(EXERCISE INPUTS begins)
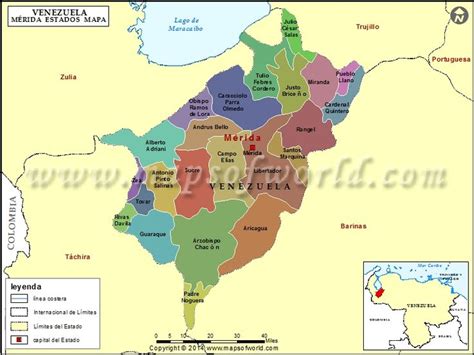 Mapa Del Estado Merida Merida Venezuela Merida Travel Venezuela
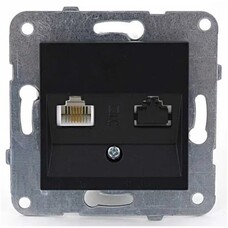 KARRE/MERIDIAN MUST 2XRJ45 CAT6 PISTIKUPESA
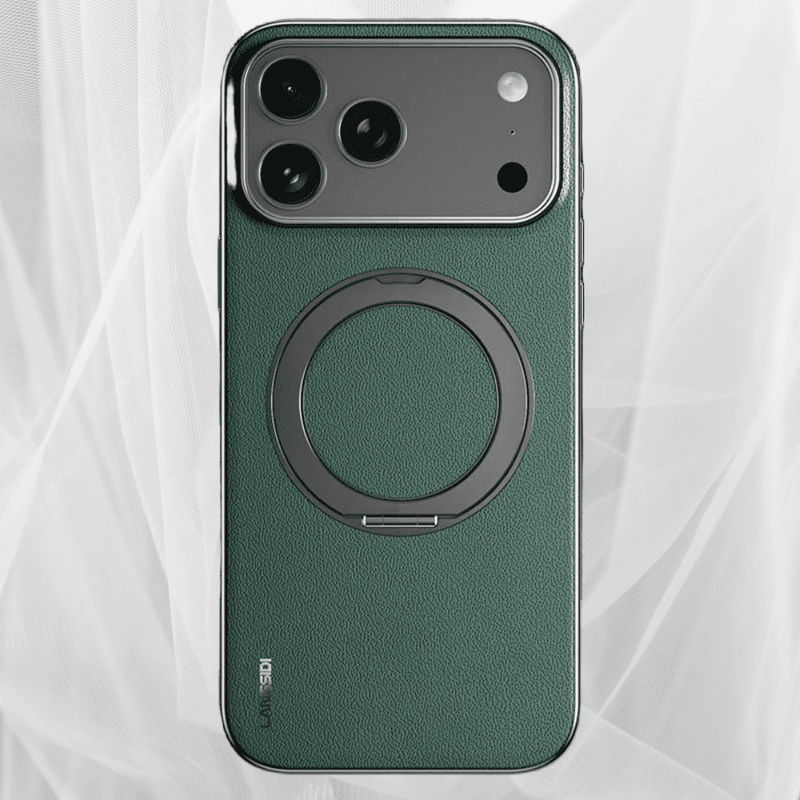 Vacuum Plated Sides Leather MagSafe Ring iPhone Case, For iPhone 14 / Green Vacuum Plated Sides Leather MagSafe Ring iPhone Case, For iPhone 14 / Green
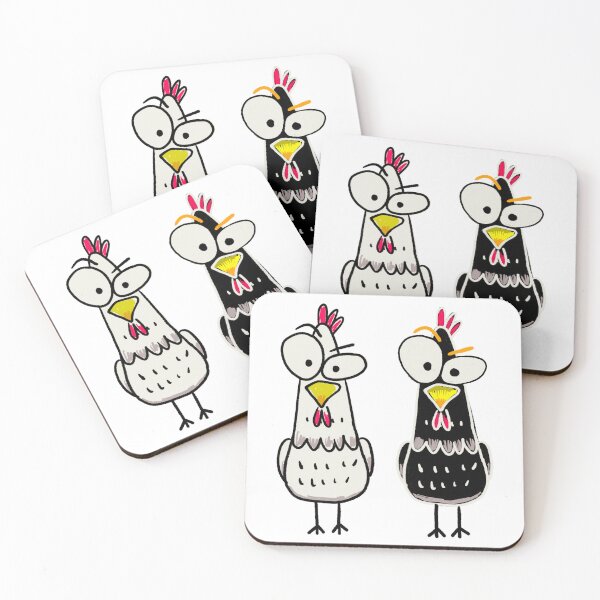 Item preview, Chicken Society: Amazed Black and White Chickens designed and sold by IdinDesignShop.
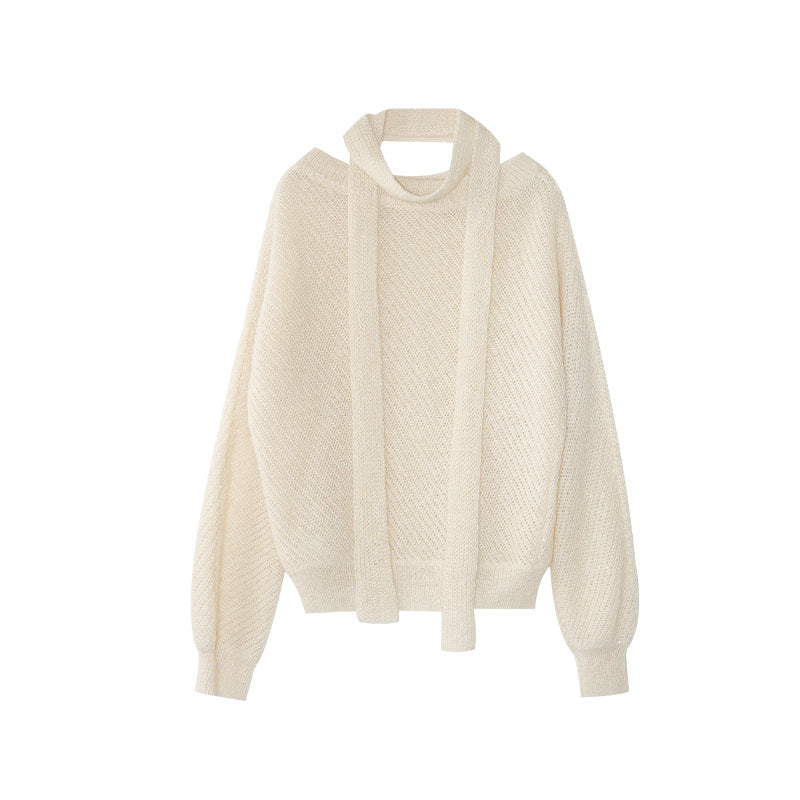 Lazy loose merino wool soft waxy diagonal neck off-the-shoulder sweater women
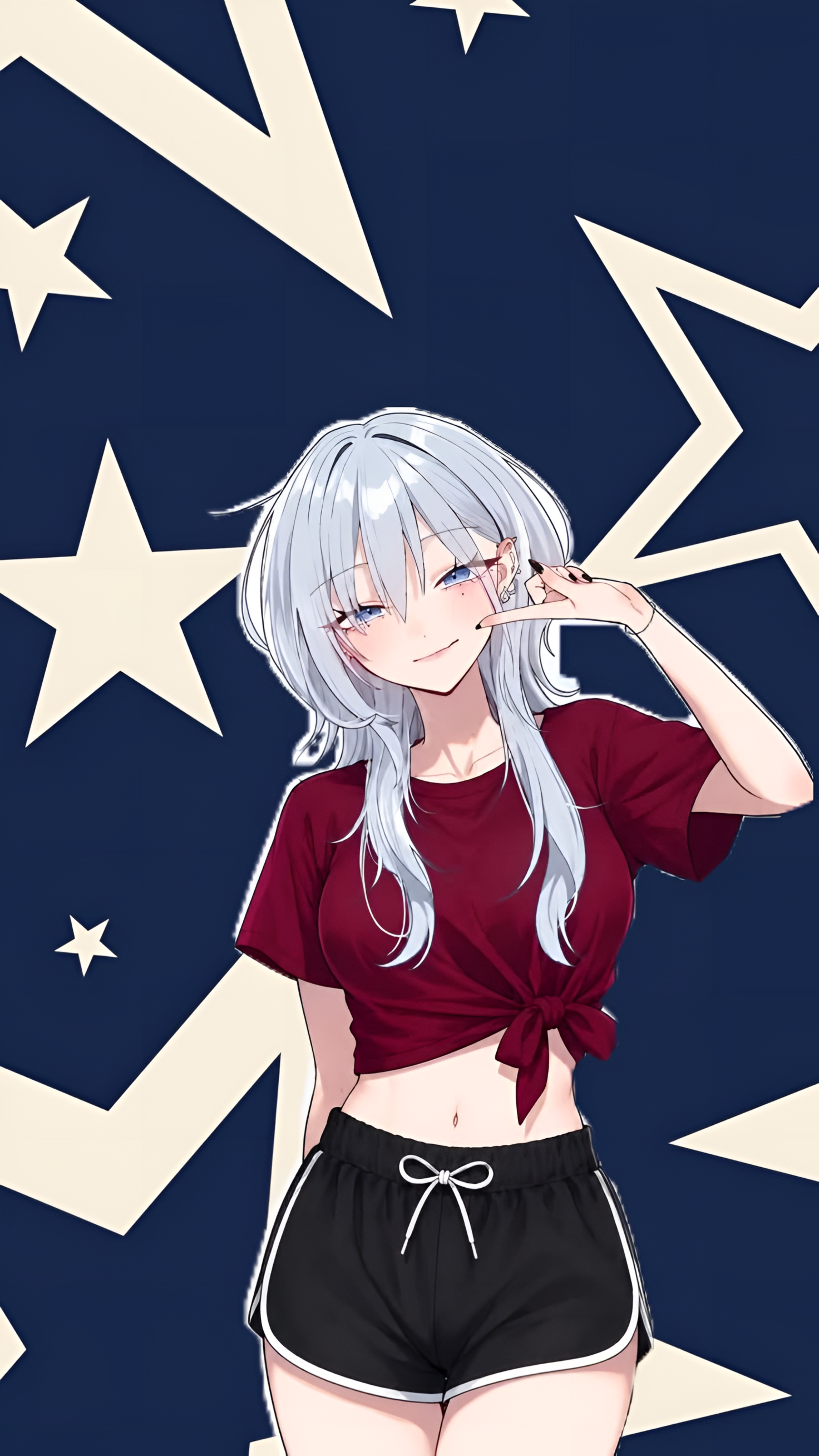 Haimiya Mio Anime Girl Star Wallpaper 4K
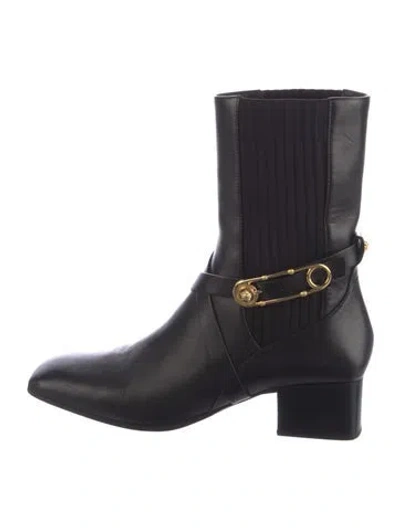 Pre-owned Versace Leather Moto Boots In Black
(EXERCISE INPUTS ends)
WHAT TO WORK ON:
From the first line to the last, restate the entries exactly, without pictures.

YOUR SOLUTION:
 Mapa Del Estado Merida Merida Venezuela Merida Travel Venezuela
 KARRE/MERIDIAN MUST 2XRJ45 CAT6 PISTIKUPESA
 Vacuum Plated Sides Leather MagSafe Ring iPhone Case, For iPhone 14 / Green Vacuum Plated Sides Leather MagSafe Ring iPhone Case, For iPhone 14 / Green
 Item preview, Chicken Society: Amazed Black and White Chickens designed and sold by IdinDesignShop.
 Lazy loose merino wool soft waxy diagonal neck off-the-shoulder sweater women
 Haimiya Mio Anime Girl Star Wallpaper 4K
 Pre-owned Versace Leather Moto Boots In Black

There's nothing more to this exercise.